取材相手の顔を見ない、“タイピング記者”が増えている相場英雄の時事日想(1/3 ページ)

» 2011年03月03日 08時00分 公開
[相場英雄,Business Media 誠]

相場英雄(あいば・ひでお)氏のプロフィール

1967年新潟県生まれ。1989年時事通信社入社、経済速報メディアの編集に携わったあと、1995年から日銀金融記者クラブで外為、金利、デリバティブ問題などを担当。その後兜記者クラブで外資系金融機関、株式市況を担当。2005年、『デフォルト(債務不履行)』(角川文庫)で第2回ダイヤモンド経済小説大賞を受賞、作家デビュー。2006年末に同社退社、執筆活動に。著書に『株価操縦』(ダイヤモンド社)、『偽装通貨』(東京書籍)、『偽計 みちのく麺食い記者・宮沢賢一郎』(双葉社)などのほか、漫画原作『フラグマン』(小学館ビッグコミックオリジナル増刊)連載。ブログ:「相場英雄の酩酊日記」、Twitterアカウント:@aibahideo


 首相官邸で毎日開催される官房長官会見、あるいは大企業の業績発表の様子がテレビのニュースで映し出されない日はない。さまざまな会見で、記者席にいる報道陣の大半がノートPCで必死に会見を記録しているのを目にした読者は多いはず。速報が命の通信社だけでなく、新聞・テレビがいち早く情報を伝える態勢を強化していることが“タイピング記者”急増の背景にあるのだが、筆者はこの傾向に強い危機感を抱いている。

ノーコメントの真意

 筆者が現役の記者時代、こんなことがあった。某公的組織同士のキリキリとした交渉事の取材だった。
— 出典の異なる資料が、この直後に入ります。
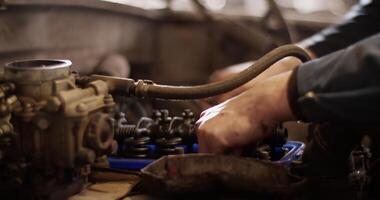 Man assembling engine of car video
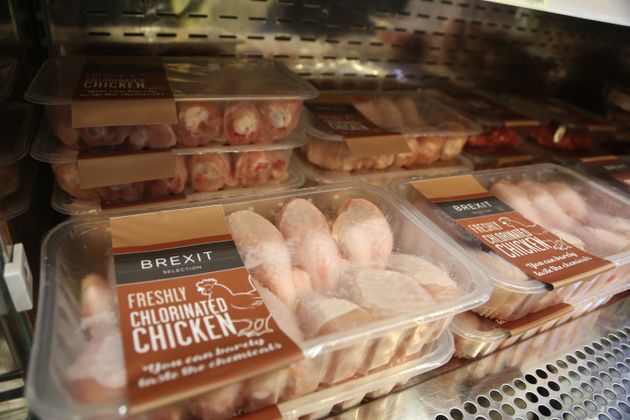 Packs of 'Brexit Selection Freshly Chlorinated Chicken' sit on display at 'Costupper' Brexit Minimart pop-up store, set up by the People's Vote campaign group in 2018. 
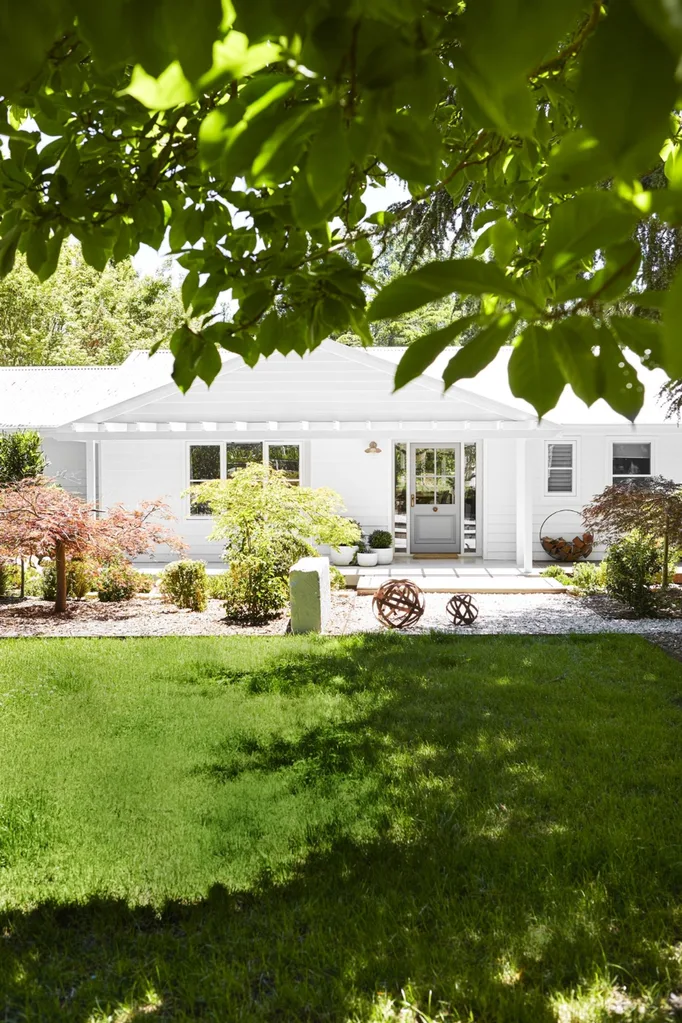 White house with lawn and shady tree in the backyard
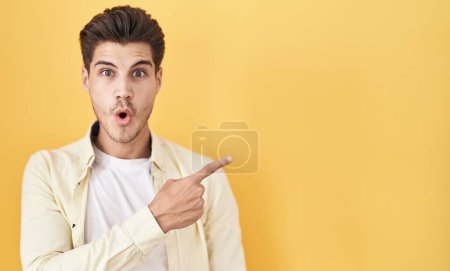 Foto de Joven hombre hispano de pie sobre fondo amarillo sorprendido señalando con el dedo hacia un lado, boca abierta expresión asombrada. - Imagen libre de derechos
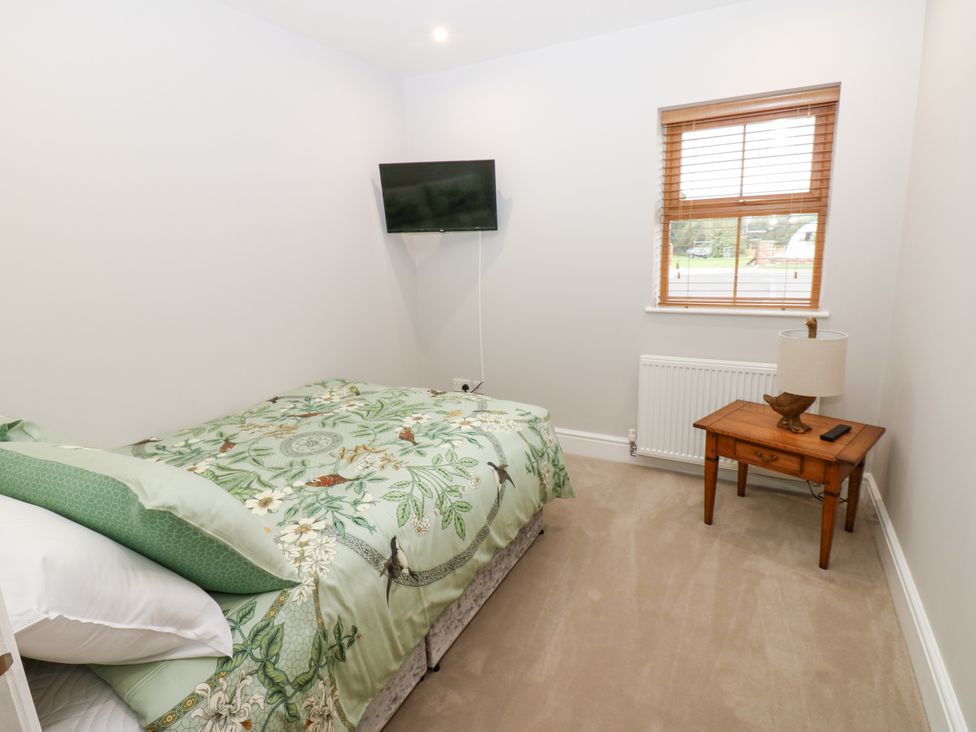 A bedroom with a bed and television at Black Banks Farm Cottage in Darlington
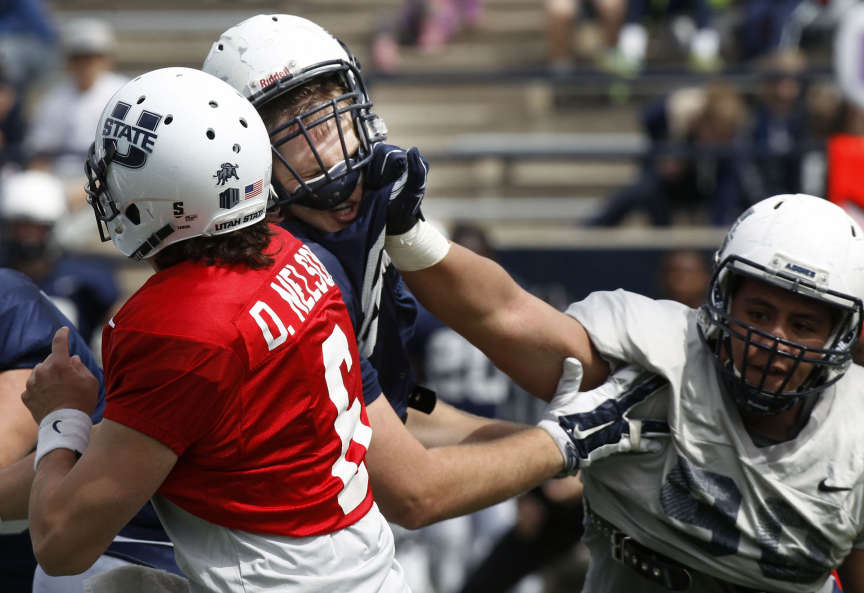Utah State's defense puts pressure on quarterback DJ Nelson during a football scrimmage in the former Romney Stadium, now Maverik Stadium, at Utah State University on Saturday, April 11, 2015. (Chelsey Allder/Deseret News)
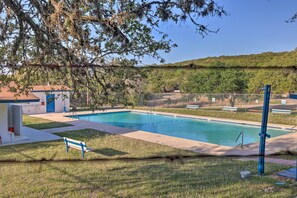 Ein Schwimmbecken mit blauer und weißer Liegefläche, umgeben von einem Zaun und Bäumen.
 筆者は一方の組織のキーマンをベタ張りするよう先輩記者から指示され、夜討ち朝駆けを繰り返した。だが、交渉が難航するにつれ、キーマンの口は堅くなるばかり。しまいには、筆者や他社記者の顔を見るなり、仏頂面で「ノーコメント」としか言わなくなった。時間と労力の無駄と判断した筆者は、先輩にベタ張りの意味がないと主張した。キーマンの自宅の電話番号はもとより、携帯電話の番号も押さえていたことから、電話取材で十分だと思ったからだ。だが、先輩の答えはノーだった。

 やむなく筆者は張り番を続けたが、他社の記者は減るばかり。静まり返った住宅街で、先輩記者を秘かに恨んだ。

 ある日の深夜、件のキーマンが帰宅した。他の関係者を当たっていた同僚記者からの情報では、交渉は依然として難航していると聞かされていた。一応、「ノーコメント」のひと言だけでも言質を取らねば記者クラブに入れてもらえないため、いつものように交渉の進展具合を尋ねた。

 案の定、いつものように「ノーコメント」。だが、2週間近くずっと仏頂面だったキーマンの表情が一変していた。今まで眉間に深い皺を刻んでいた御仁が破顔一笑、にこやかに「ノーコメント」と言ったのだ。筆者は直ちにこの情報を先輩に伝えた。ベテラン先輩記者が他で裏付けを取り、結果的に交渉事の決着と詳細を他社に先んじて報じることができた。筆者が電話取材で済ませていれば、仏頂面が笑顔に変わった機微をとらえることができなかったのは言うまでもない。